Susa Ventures Announces $375 Million Of New Capital Weeks After Seeing 1,000x Return On Robinhood

Susa Ventures has largely flown under the radar since its founding eight years ago. But as the seed-focused firm prepares to announce its latest batch of funds — mere weeks after seeing a nearly 1,000x return on the first investment the firm ever made — its partners are ready to reflect on the journey to get there. 

Susa cofounder and general partner Chad Byers has always been a Silicon Valley kid. The son of Brook Byers, one of the founding members at Kleiner Perkins, and the brother of Blake Byers, until recently a longtime general partner at GV, he was no stranger to the venture capital ecosystem. After stints in operating roles at companies like marketing startup Integrate and as an angel investor, the youngest Byers thought there must be a way to combine the two passions. “How do you merge operating and building something and investing? The only real answer was to start your own venture fund,” Byers tells Forbes

That he did. He launched Susa Ventures in 2013 alongside Leo Polovets and Seth Berman with a $25 million debut fund that included capital from more than 70 family offices and high-net-worth individuals. It was difficult to raise, Byers admits. Now, eight years later, the firm has raised a collective $550 million, seen seven exits from its first fund, and has backed a handful of current unicorn companies.

The San Francisco-based firm looks to continue this trajectory with a newly raised $375 million across several funds, as originally reported in Midas Touch newsletter. One sleeve, Susa Ventures IV, has $125 million for seed-stage opportunities, and the other, Susa Ventures Opportunities II, has $250 million for follow-on investments. This latest raise will allow Susa to continue its bread-and-butter strategy of investing $1 million to $2 million into seed-stage companies, and $10 million to $15 million at the growth stages. While the firm is technically sector agnostic, 90% of its current portfolio is within fintech, software-as-a-service, supply chain and logistics and healthcare, which Byers expects will continue. 

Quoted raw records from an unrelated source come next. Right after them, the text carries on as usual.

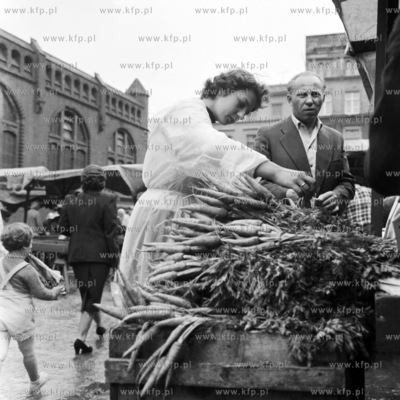 Tarowisko przed Halą Targową w Gdańsku. (lata60)
1962
Fot....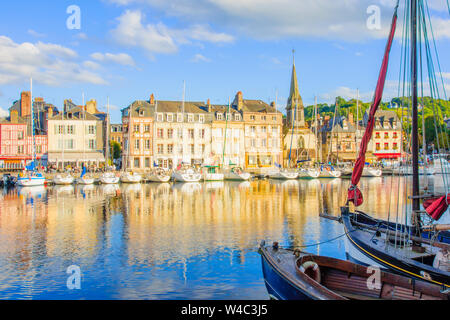 Scena di Vieux Port (vecchio porto), case e barche in Honfleur, Francia Honfleur si trova in Calvados, in Normandia. È famoso per il suo vecchio porto Foto Stock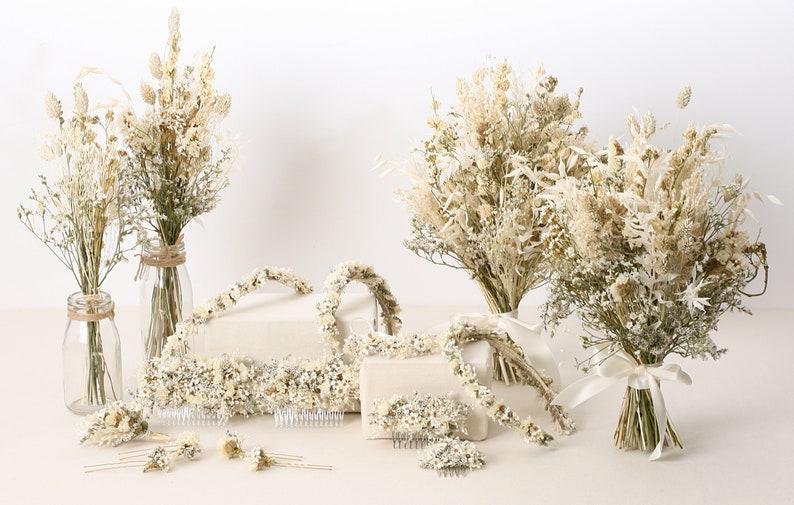 Horquilla hecha con flores secas reales de la serie Mia disponible en 2 tamaños maxi letra imagen 10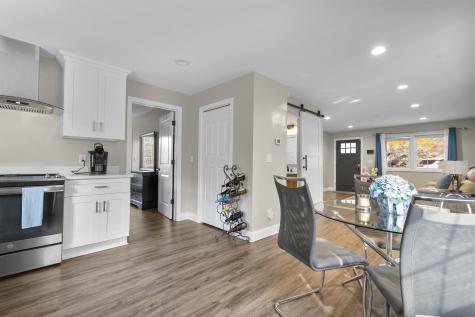 567 Roosevelt Drive Oxford CT 06478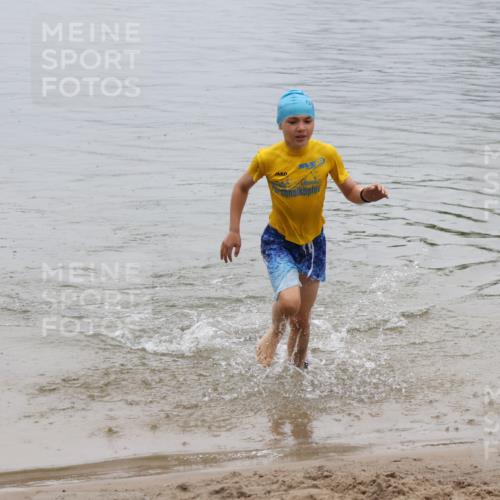 21.06.2025 - 27. Vierlanden-Triathlon Lena Gebhardt http://msf.ph/oto/8045364 15.06.2025 14:47:34 Schwimmen 1334 meine-sportfotos.de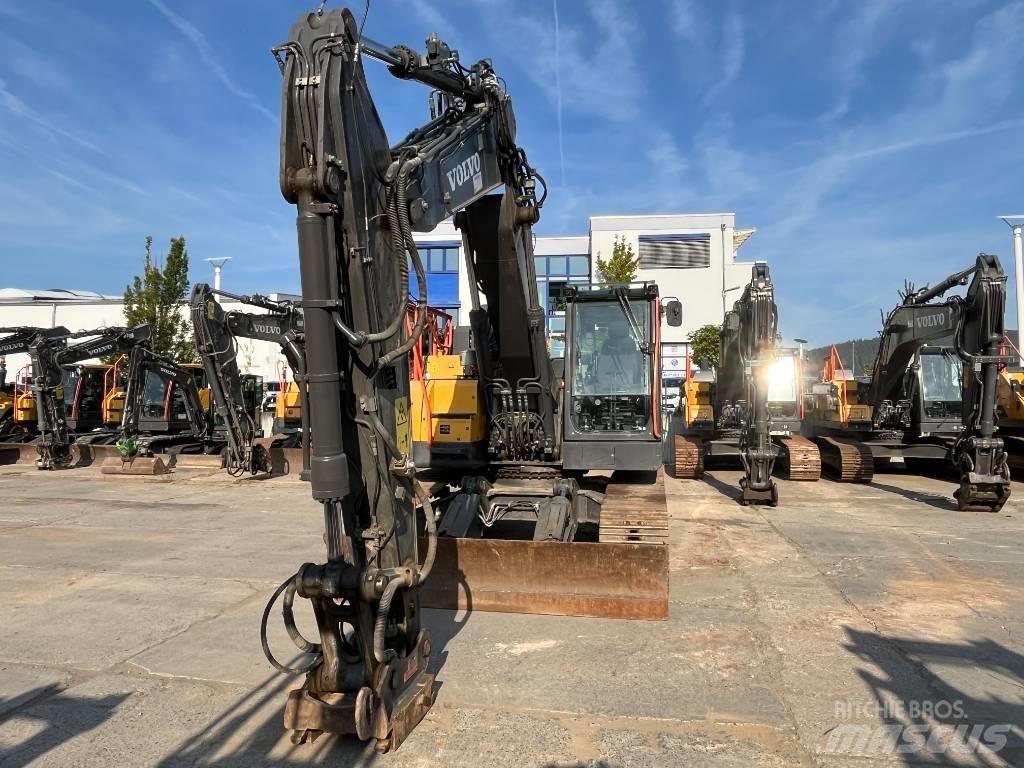 Volvo ECR235EL Pásové rýpadlá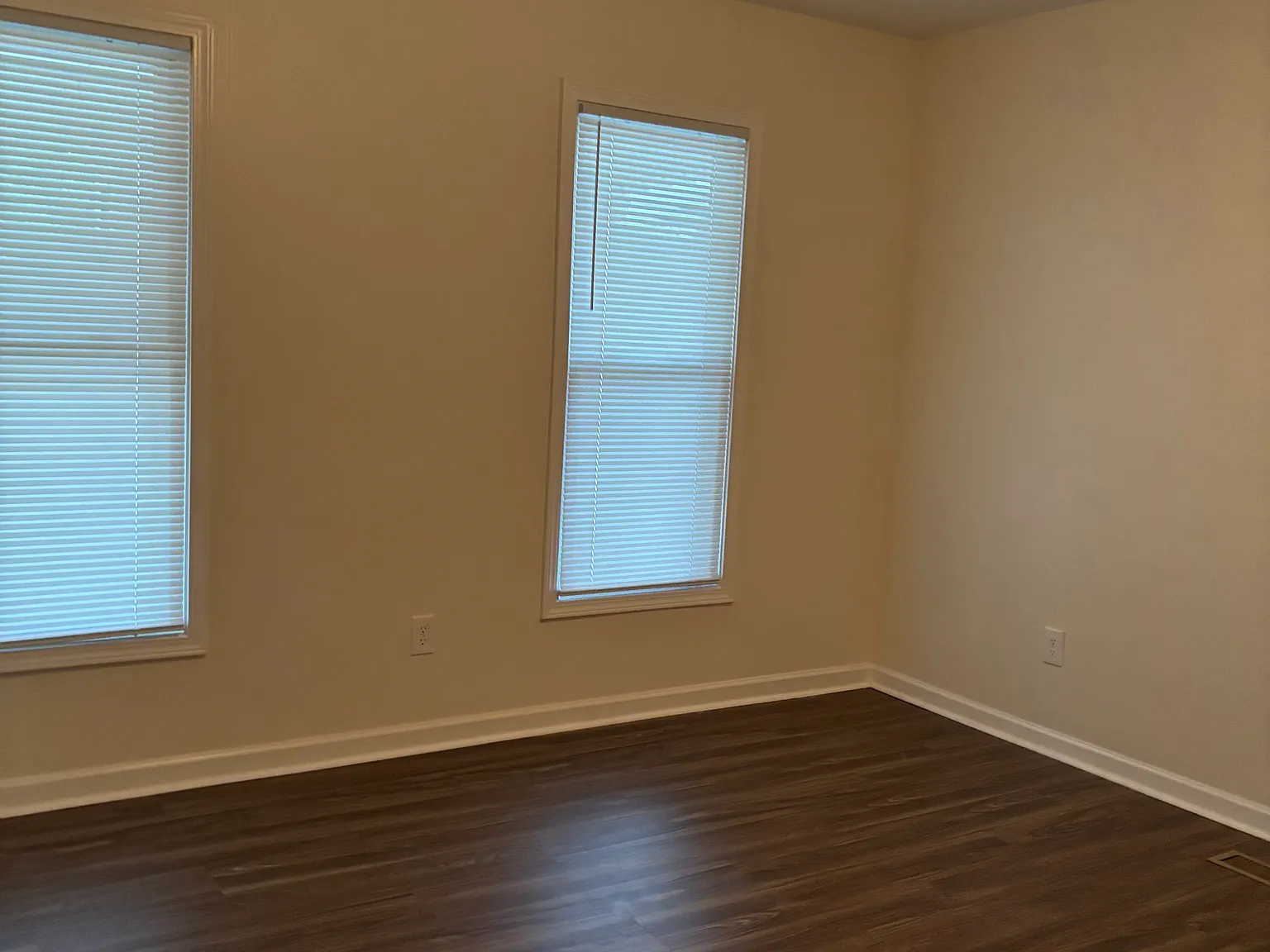2 bed, 1.5 bath, $1,350 — Photo 3
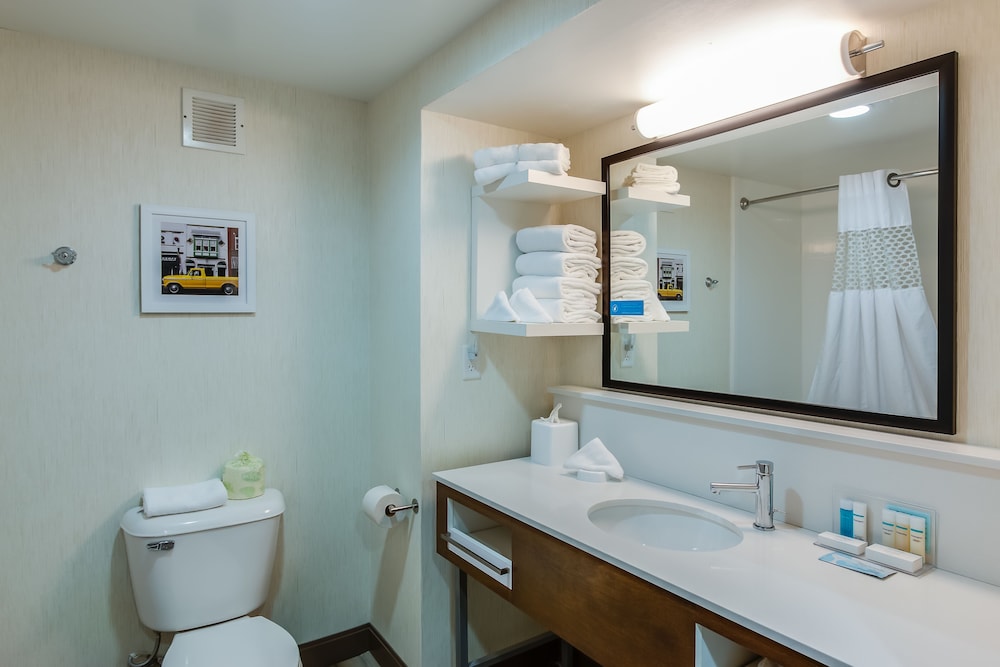 Hampton Inn Dickson - photo 28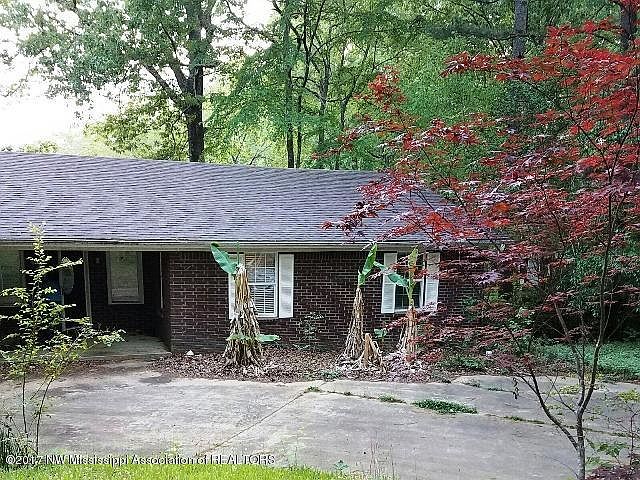 1st image of 1309 Thunderbird Dr N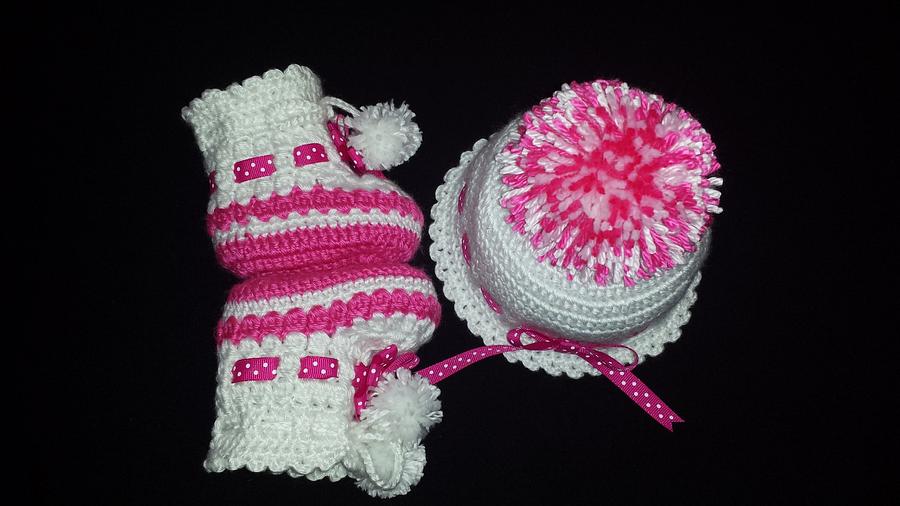 adorable hat & booties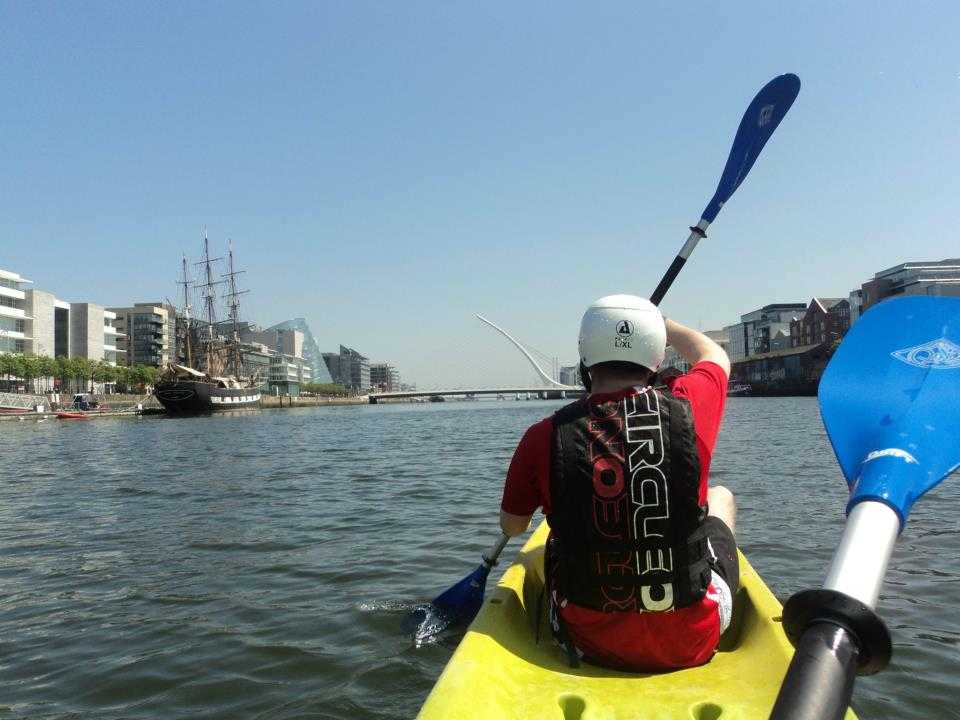 Dublin Kayaking: 2-Hour Dublin City River Liffey Kayaking Tour 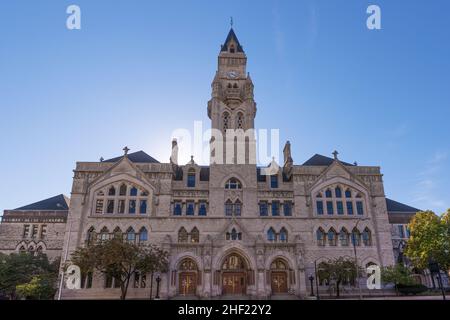 Nashville, Tennessee, USA - 7. November 2021: Der Grundstein für die IT-Abteilung des Zollhauses wurde 1877 gelegt. Entworfen vom Architekten W.A. Potter. Stockfoto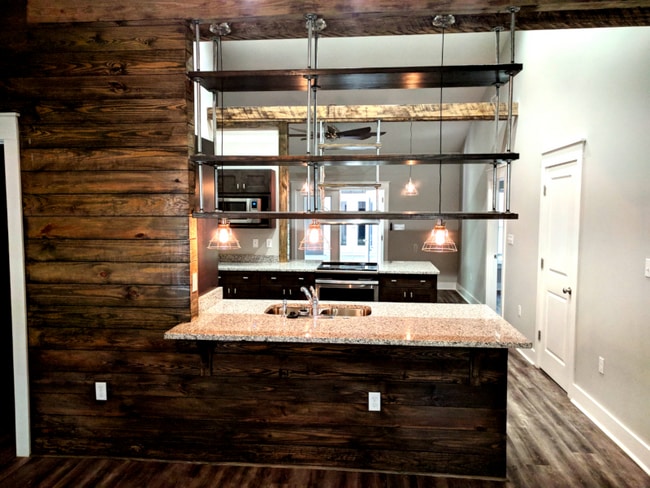 Photo - 1657 Mayhew St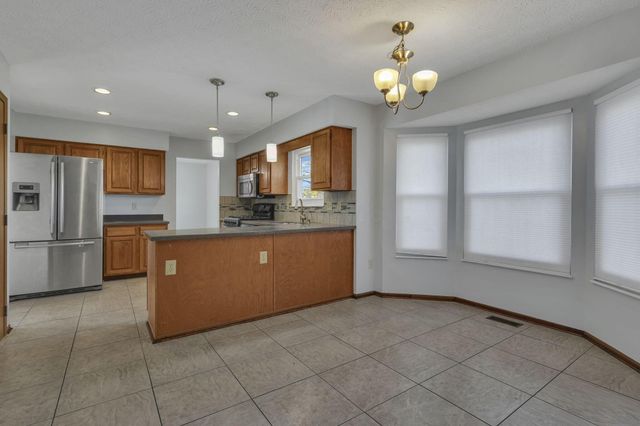 8536 Kingsley Drive, Reynoldsburg, OH 43068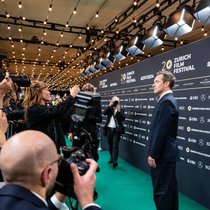 Der grüne Teppich des Zurich Film Festival wird jeden Herbst zum Laufsteg für Topstars, letztes Jahr etwa Jude Law.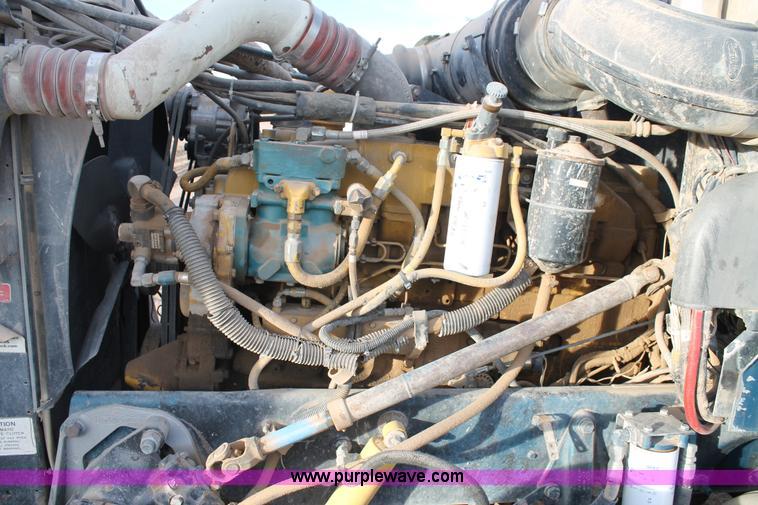 image for item J1344 1995 Peterbilt 378 semi truck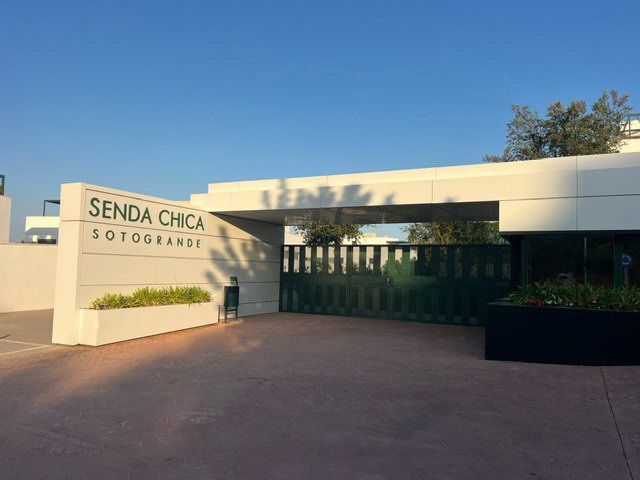 Vista exterior de Apartament de lloguer en Sotogrande amb Aire condicionat, Calefacció i Terrassa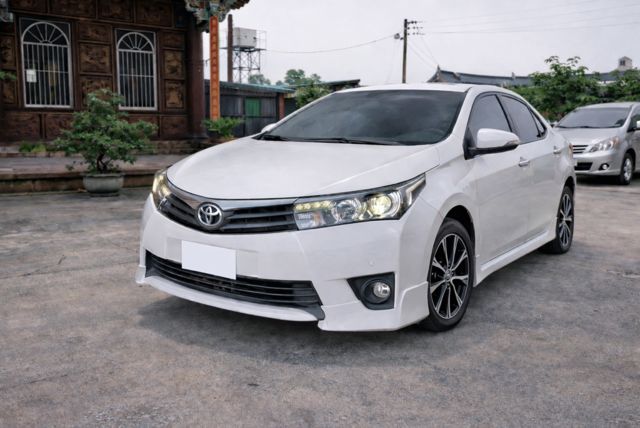 TOYOTA豐田 ALTIS  第1張相片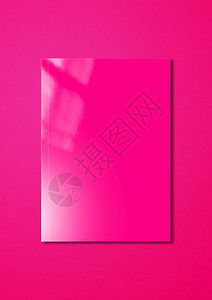 粉红小册子封面以正红背景隔离模型板红背景的墨水小册子封面模板图片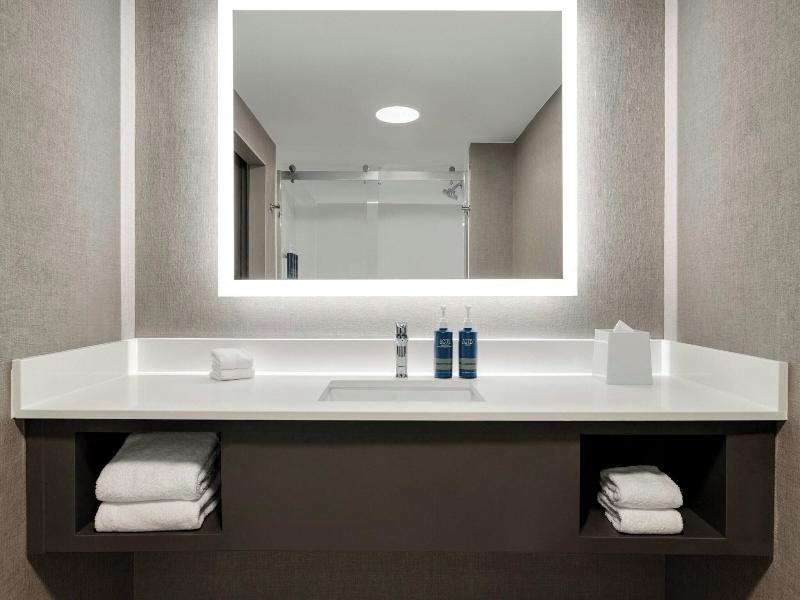 Four Points by Sheraton Columbus-Polaris image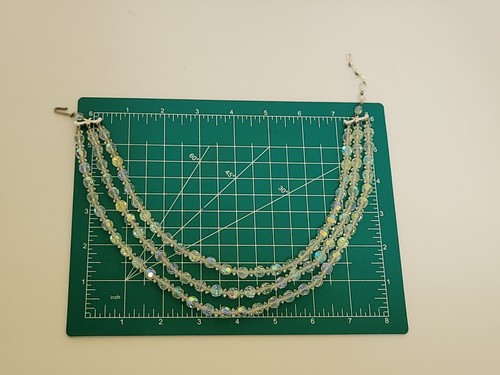 VINTAGE TRIPLE STRAND CLEAR AB GRADUATED FACETED CRYSTAL BEADED NECKLACE - Picture 13 of 13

Byers credits his team and the success of Susa’s first fund for the scale they have achieved today, and he isn’t afraid to admit that luck was involved in that fund’s performance. “The first deal I did in the fund was Robinhood,” Byers says, a $250,000 investment in 2013. “As a firm we got extremely lucky that the founders of Human Interest, Policygenius, all those entrepreneurs, took a chance on us as an unknown fund at the seed stage.” Despite its early victories, Susa has been careful not to expand too quickly, Byers adds. The fund raised $50 million for its second fund in 2016, and $90 million for its third three years later, despite knowing that they had interest to raise significantly more. “Your fund size is your strategy,” Byers says. “We are firm believers that your fund size should be an output of the details that matter.”

That third fund had included another venture, a Series B- and Series C-focused opportunity fund inspired by the partners getting tired of raising external SPVs for follow-on rounds. Susa also opened up its funds to its underlying portfolio companies to invest in as LP at the time; more than 100 entrepreneurs participated. “The reaction was the most positive thing I’ve ever seen,” Byers says. “It’s been an incredibly powerful thing for us from a dealflow perspective. It’s been a huge windfall; it also just feels like absolutely the right thing to do.”

While Byers grew up immersed in the venture world, he knows how hard it is for many to break into the market. In addition to the fundraises, Susa is formally announcing its fellowship program that started in 2020 to help people get experience in the industry, regardless of their background. One class of fellows have gone through so far, working with the team for six months to help with everything from pitch meetings to investment decisions. “They are quite literally doing the business,” Byers says. “The goal is to expose the business of venture capital to more people. Most people don’t know anything about it.” 

Since the first program ended, half of its members have gotten hired at venture firms, including Susa, and some have formed their own angel syndicate group. “We are so excited about doing this indefinitely. We have committed to funding this thing,” Byers says. Applications are already collected for the second cohort.